● PROBLEM STATEMENT:
Would you return the lines that run from the start of the data below to the line with "Hello, good morning, dear", both included, exactly as written and without pictures?

# # # #

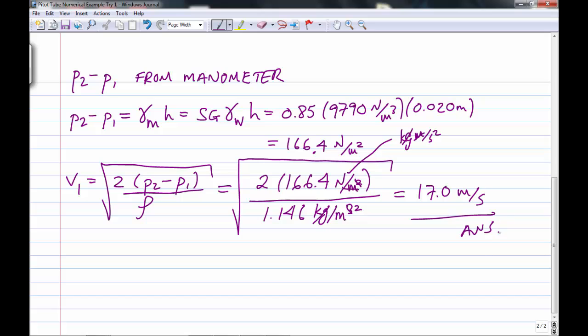That's the velocity of air in the wind tunnel. You can traverse the pitot tube across the wind tunnel — we have it set up in the basement of Kerr Hall — to see how uniform the flow is across the cross section. This is a really important example, especially for mechanical engineers who use wind tunnels.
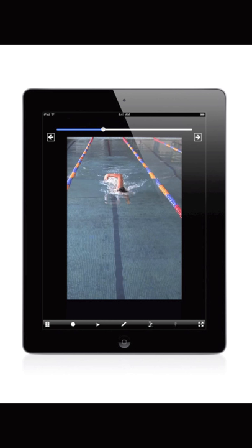When stopped, a left and right arrow will appear on the screen. Touch to step either forward or backward one frame at a time. A timeline is displayed at the top of the screen. Slide the round button on the timeline to move quickly forward or backward.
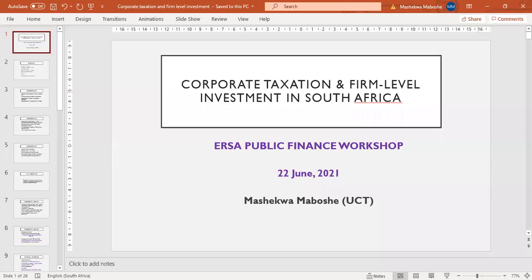Welcome to this presentation. My presentation is entitled 'Corporate Taxation and Firm Level Investment in South Africa.' This is one of my chapters in the PhD that broadly looks at corporate tax policy and investment outcomes in South Africa.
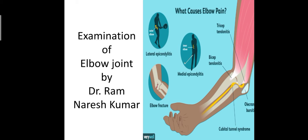Hello, good morning, dear friends. Today I am going to start a next segment in continuation of clinical examination in orthopedic practice, that is examination of elbow joint.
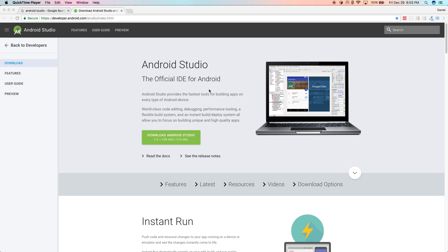Hey, welcome everybody. So you want to learn how to build an Android app but have no idea where to start. In this series I'm going to walk you through creating your own native Android app. If you've never coded, programmed, or have any software or computer science background, you'll be able to follow along and build a basic app. So let's get started.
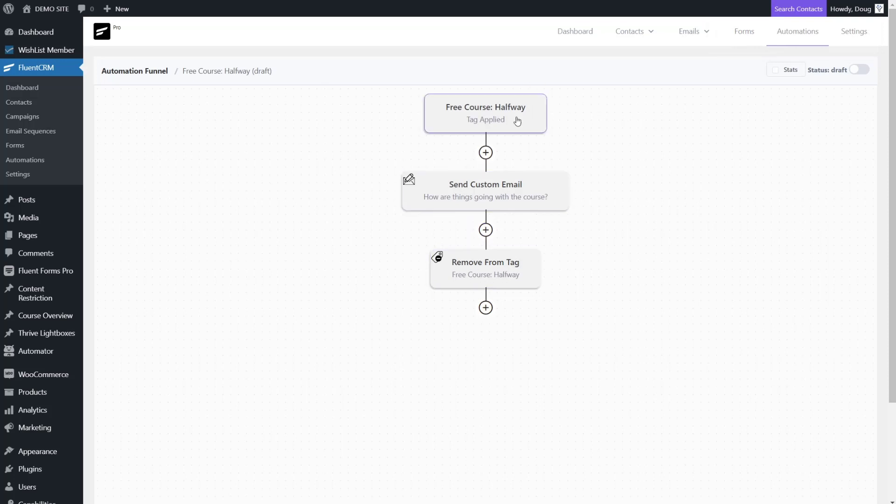Now when this person perhaps watches another video, we can add a tag, put them through an automation, and remove that tag as well.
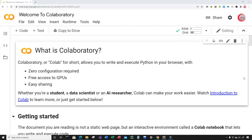Hello everyone, and welcome to this video on the Python programming language. In this video, we're going to create an interactive candlestick chart using Python and Plotly.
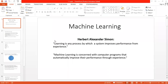Hello friends, in this lecture we will start with machine learning. So the basic thing is: what is machine learning? There are different paradigms which come under machine learning, and various people have researched on it. One definition is by Herbert Alexander Simon, who defined machine learning as: learning is any process by which a system improves performance from experience, or machine learning is concerned with computer programs that automatically improve their performance through experience.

# # # #

● EXERCISE RESPONSE:
That's the velocity of air in the wind tunnel. You can traverse the pitot tube across the wind tunnel — we have it set up in the basement of Kerr Hall — to see how uniform the flow is across the cross section. This is a really important example, especially for mechanical engineers who use wind tunnels.
When stopped, a left and right arrow will appear on the screen. Touch to step either forward or backward one frame at a time. A timeline is displayed at the top of the screen. Slide the round button on the timeline to move quickly forward or backward.
Welcome to this presentation. My presentation is entitled 'Corporate Taxation and Firm Level Investment in South Africa.' This is one of my chapters in the PhD that broadly looks at corporate tax policy and investment outcomes in South Africa.
Hello, good morning, dear friends. Today I am going to start a next segment in continuation of clinical examination in orthopedic practice, that is examination of elbow joint.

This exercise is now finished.